Work instruction. Word for word, output the data, with none of its pictures.

═════ Collected data ═════

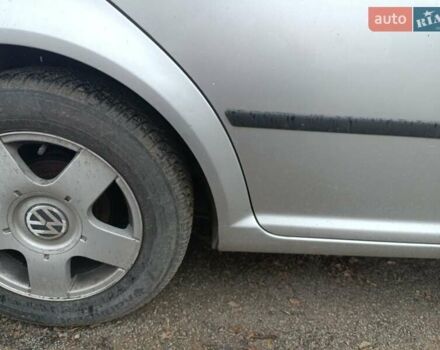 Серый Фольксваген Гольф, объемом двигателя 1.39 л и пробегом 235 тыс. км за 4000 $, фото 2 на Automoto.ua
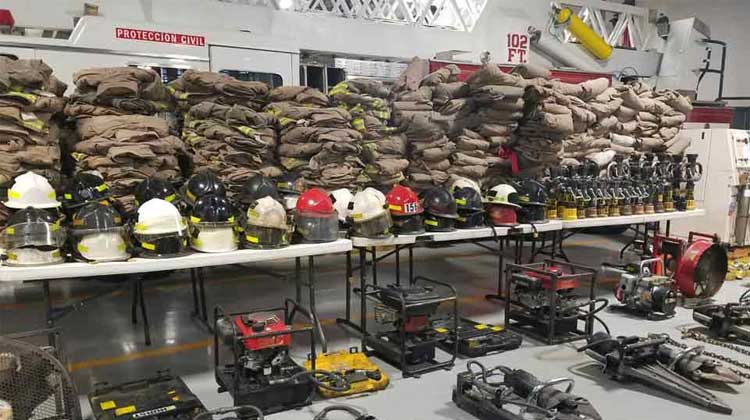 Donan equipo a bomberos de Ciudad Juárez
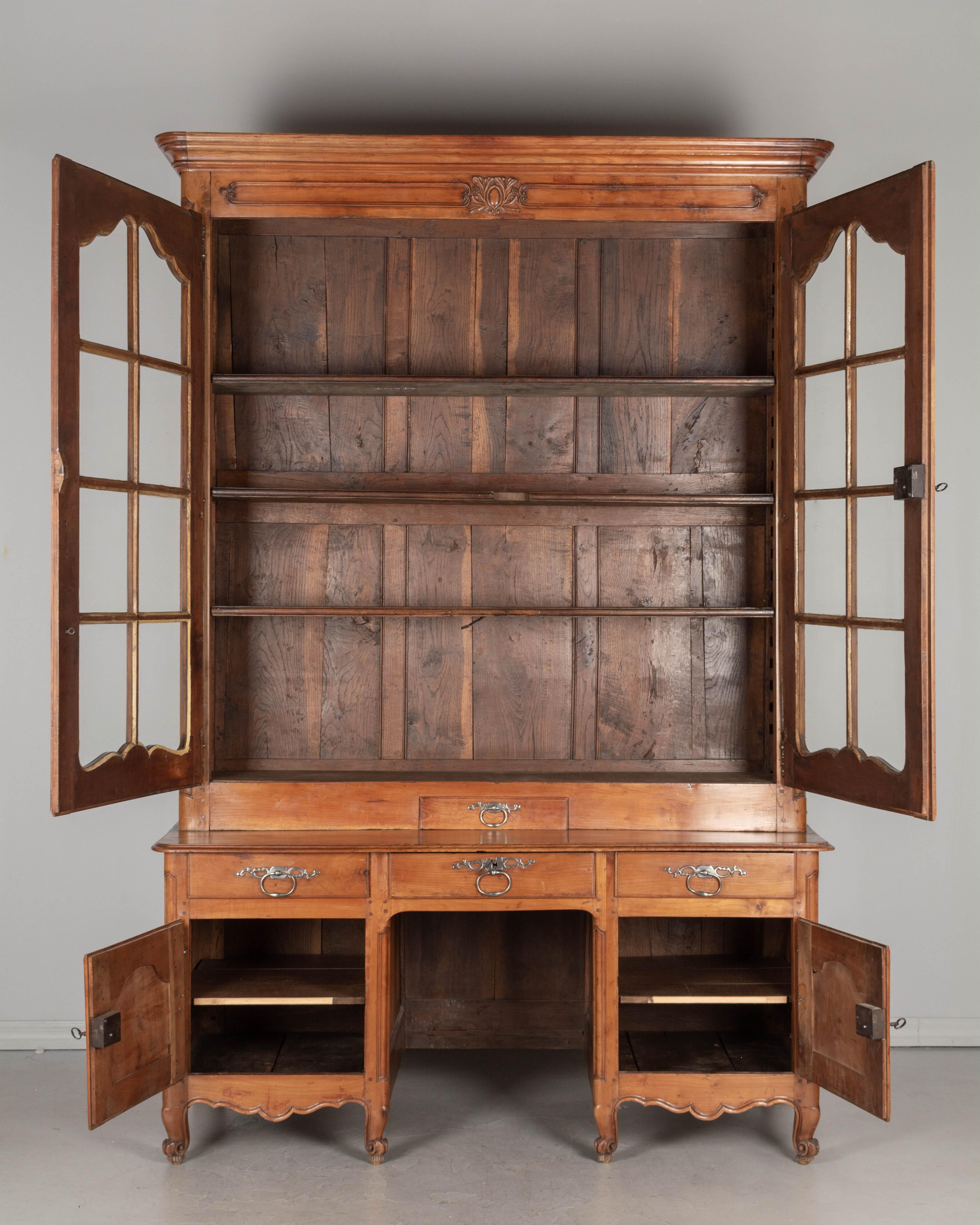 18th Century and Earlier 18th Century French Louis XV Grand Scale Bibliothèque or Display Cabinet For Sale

═════

Response to the exercise.
 Серый Фольксваген Гольф, объемом двигателя 1.39 л и пробегом 235 тыс. км за 4000 $, фото 2 на Automoto.ua
 Donan equipo a bomberos de Ciudad Juárez
 18th Century and Earlier 18th Century French Louis XV Grand Scale Bibliothèque or Display Cabinet For Sale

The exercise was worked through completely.